November 26, 2024

Ford Mustang to race in 2019 NASCAR Monster Energy Cup Series

Dearborn — Peering from under his Panama hat Thursday, Jack Roush viewed the unveiling of the new Mustang that Ford Performance will race in the 2019 NASCAR Cup series.

Roush could be excused for thinking of 1966.

He walked out of Eastern Michigan 52 years ago with his masters degree in Scientific Mathematics — no regular math, mind you, for the founding owner of Roush Enterprises, in Livonia — and into the Ford Motor Company.

And, that year, Ford sold 607,568 Mustangs, the largest annual volume by eight percent.

As Roush sat not far from the Southfield Expressway, in the backyard of the Glass House, also known as Ford World Headquarters, with all of the Ford drivers and team owners in the NASCAR Cup series gathered, welcoming the Mustang into the highest echelon of stock car racing for the first time, a smile came to his face.

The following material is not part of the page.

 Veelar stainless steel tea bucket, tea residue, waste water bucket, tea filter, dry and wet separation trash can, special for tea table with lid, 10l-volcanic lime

“I feel like Mustang making its entrée into the Monster Energy Cup Series is the end of a long journey,” The Cat in the Hat said.

“It started with Trans-Am racing back in the ‘60s, and it’s followed me in my career through drag racing and road racing and Xfinity, and now, with Cup racing being in the future.”

When the Michigan State Police cruiser escorted the long line of Mustangs, including the camouflaged racing automobile, onto the Ford grounds, some of the 13 Cup drivers in production Mustangs made things sound like Telegraph or Woodward late at night back in 1966.

Heavy feet make for rubber laid, in a moment of celebration for car enthusiasts and NASCAR folks alike.

Helping the manufacturer through its Ford Performance division, Roush-Fenway Racing, Team Penske, Stewart-Haas Racing and Wood Brothers Racing all played a considerable part in bringing the Mustang to the fabled Cup series.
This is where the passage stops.